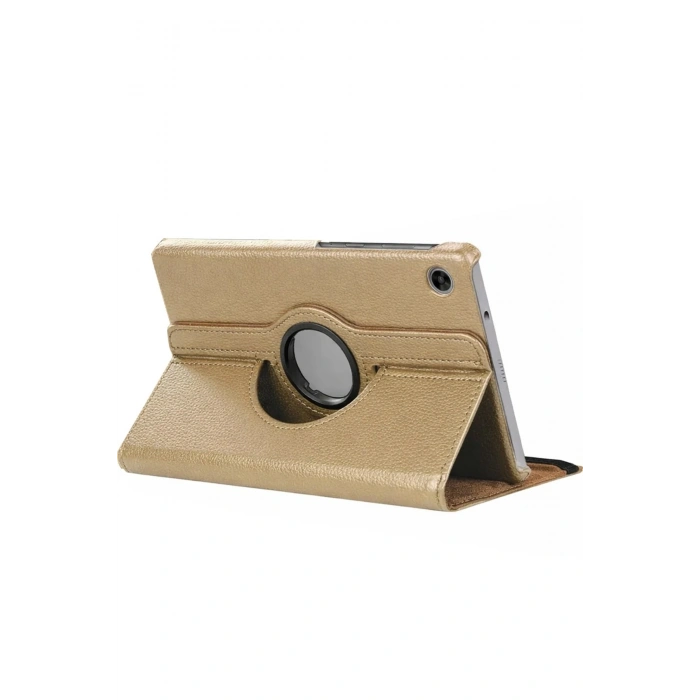 Durukar®  Samsung Galaxy Tab A11 360 Tablet Deri Kılıf - Gold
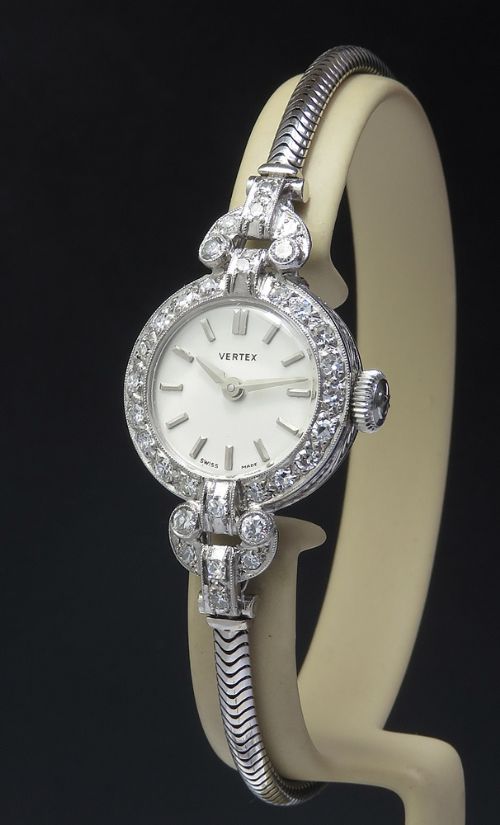 fig 1. Platinum and Diamond Ladies Cocktail Watch by Vertex c1950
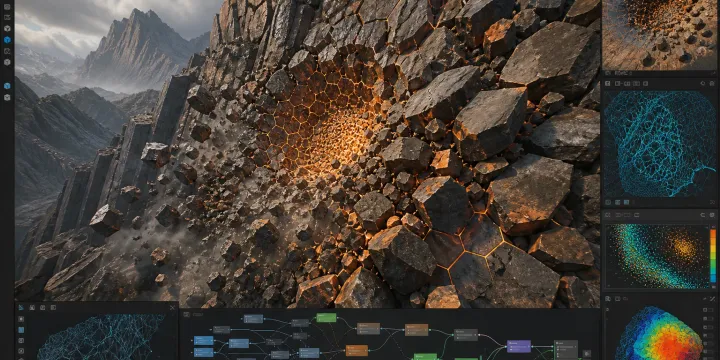 Houdini 절차적 모델링으로 파괴 가능한 바위·절벽 메시 자동 생성하기: Voronoi 기반 파괴 파이프라인 썸네일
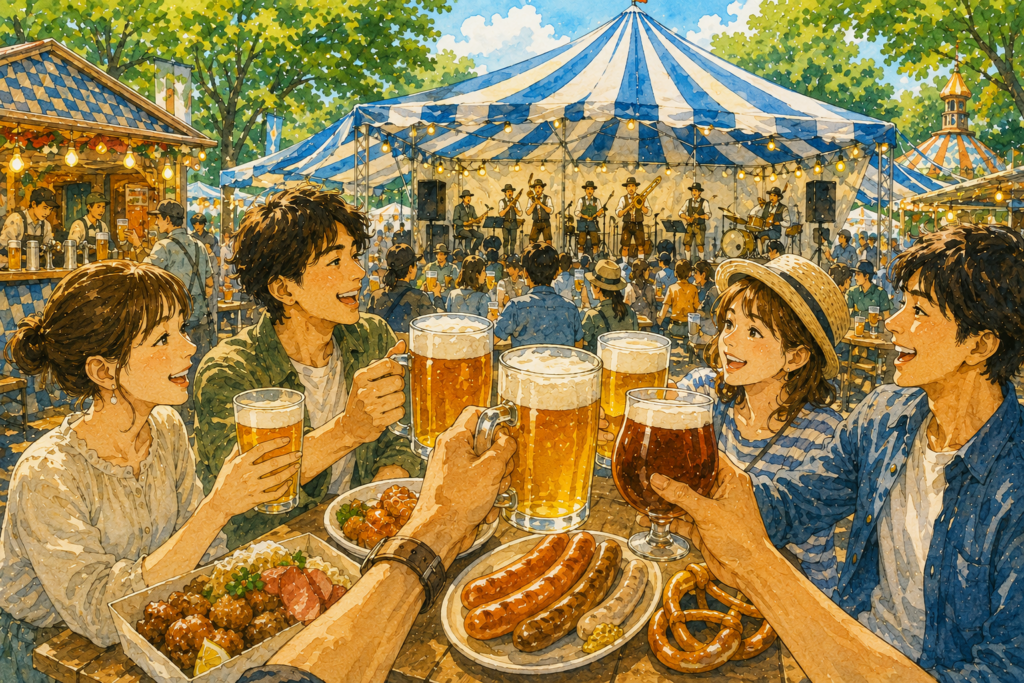 公園のビール祭りで乾杯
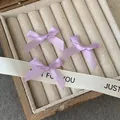 Tres lazos de satén lavanda para accesorios del cabello y decoración de regalos DIY - Morado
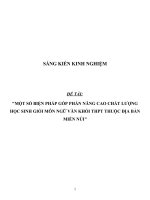 SKKN Một số biện pháp góp phần nâng cao chất lượng học sinh giỏi môn Ngữ văn khối THPT thuộc địa bàn miền núi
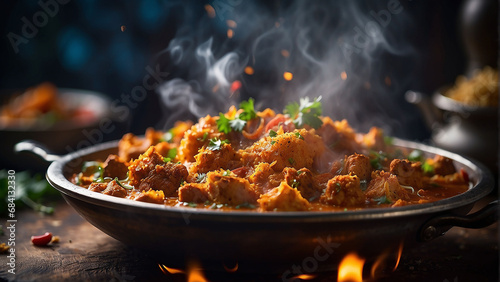 A close-up shot capturing the sizzling texture of Indian cuisine, with steam rising from the dish. Macro Photography with a 100mm lens and soft lighting AI-generative photo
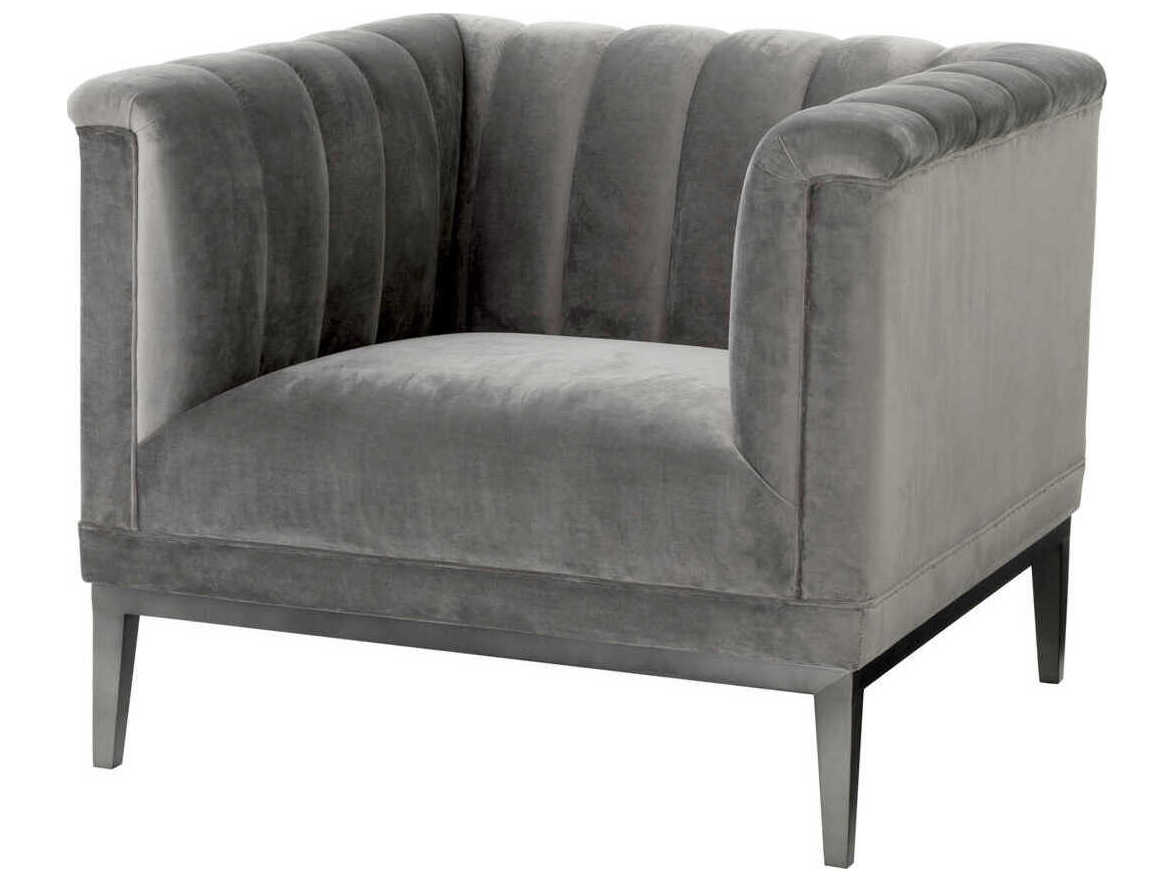 Eichholtz Raffles Gray Velvet Accent Chair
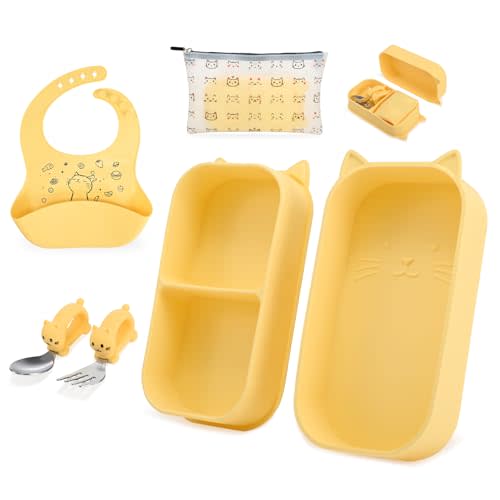 Mossora Portable Baby Plates with Suction, 6Pcs Travel Silicone Feeding Set for Toddlers, Foldable, Non-Slip Dishwasher Safe Plates & Utensils, BPA Free, Cat Design Gift Ready(Pale Yellow)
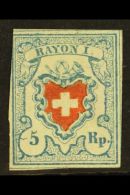 1851 5r Red And Pale Blue (Zum 17 II, SG 13, Mi 9 II, Sc 10), Mint, 3+ Good Margins, Just Into At Upper Left. For... - Sonstige & Ohne Zuordnung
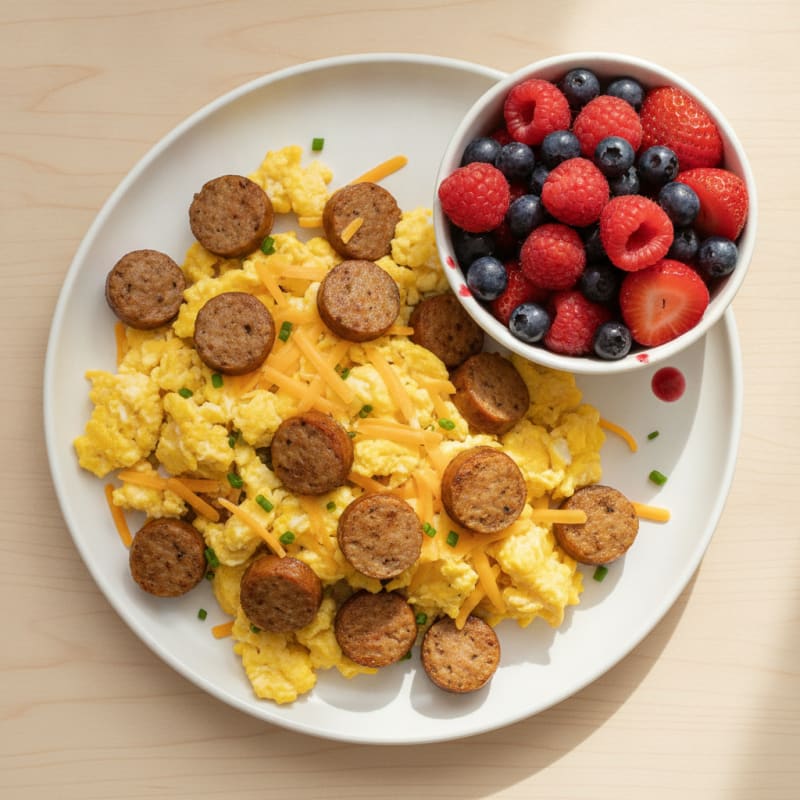 Egg and Cheese Scramble with Turkey Sausage and Fresh Berries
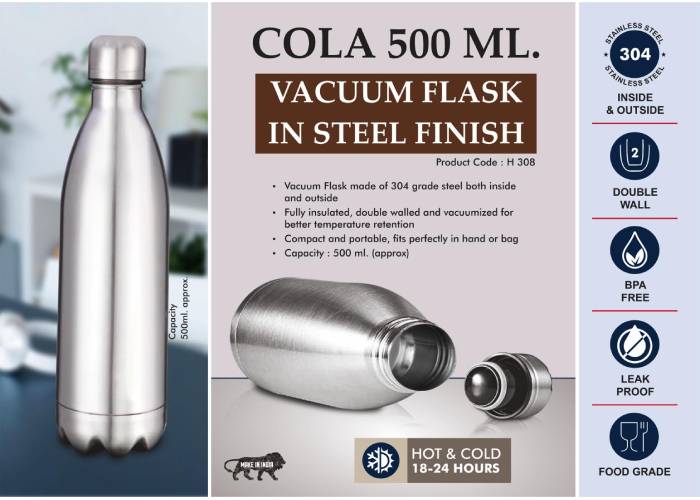 H308 – Cola 500 Ml Vacuum Flask In Steel Finish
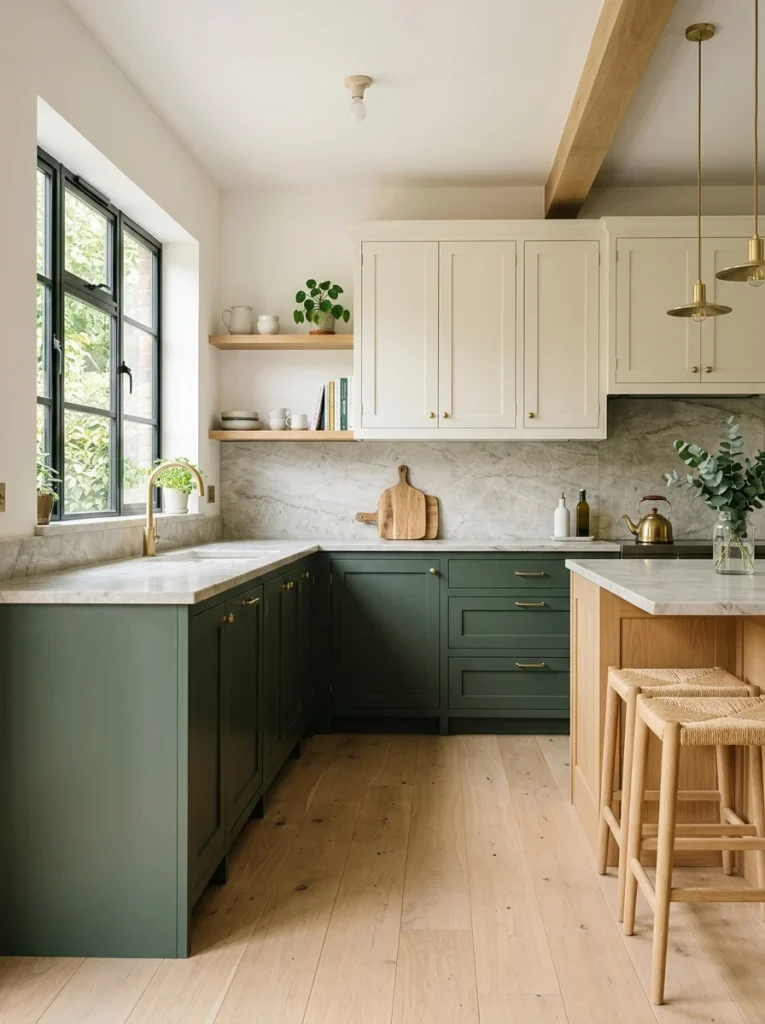 Two-tone kitchen with deep green lower cabinets and warm cream upper cabinetry.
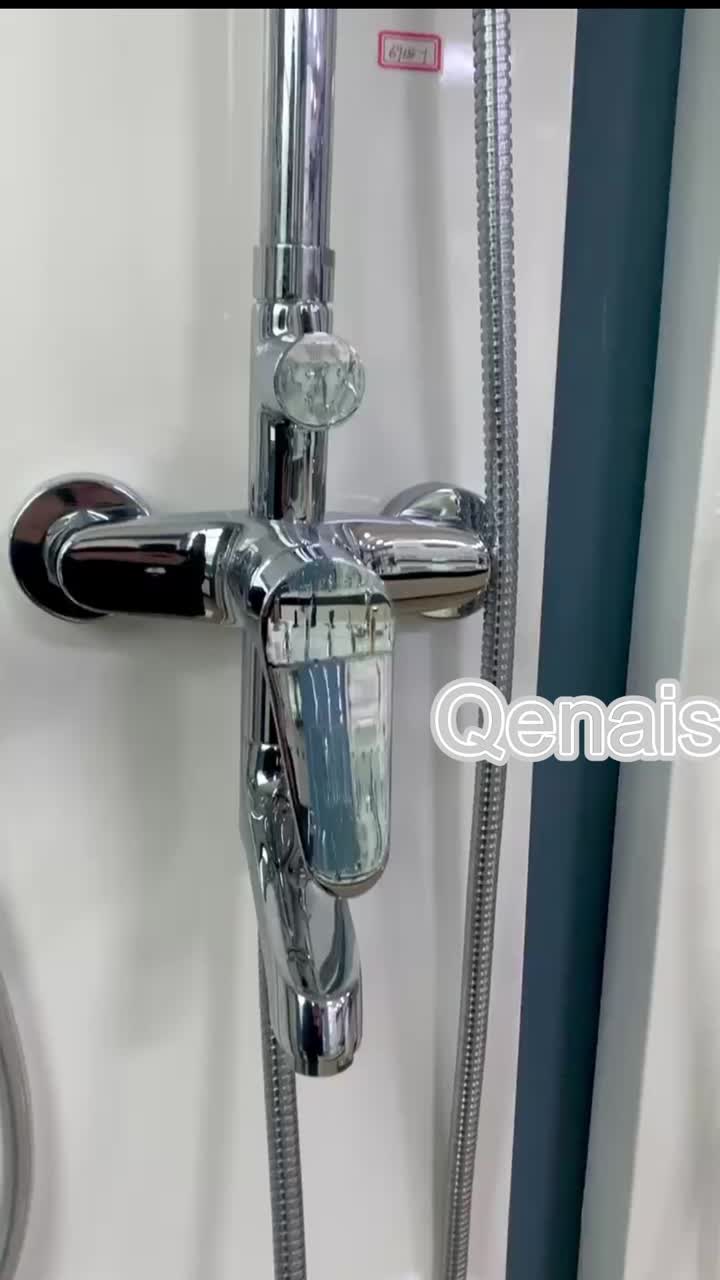 New Chrome Wall Mounted Wood Shower Faucet Set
##############################
TASK DETAILS.
Look above for the line containing "Egg and Cheese"; output that line and all lines after it through the last one exactly, without the pictures.

SOLUTION.
 Egg and Cheese Scramble with Turkey Sausage and Fresh Berries
 H308 – Cola 500 Ml Vacuum Flask In Steel Finish
 Two-tone kitchen with deep green lower cabinets and warm cream upper cabinetry.
 New Chrome Wall Mounted Wood Shower Faucet Set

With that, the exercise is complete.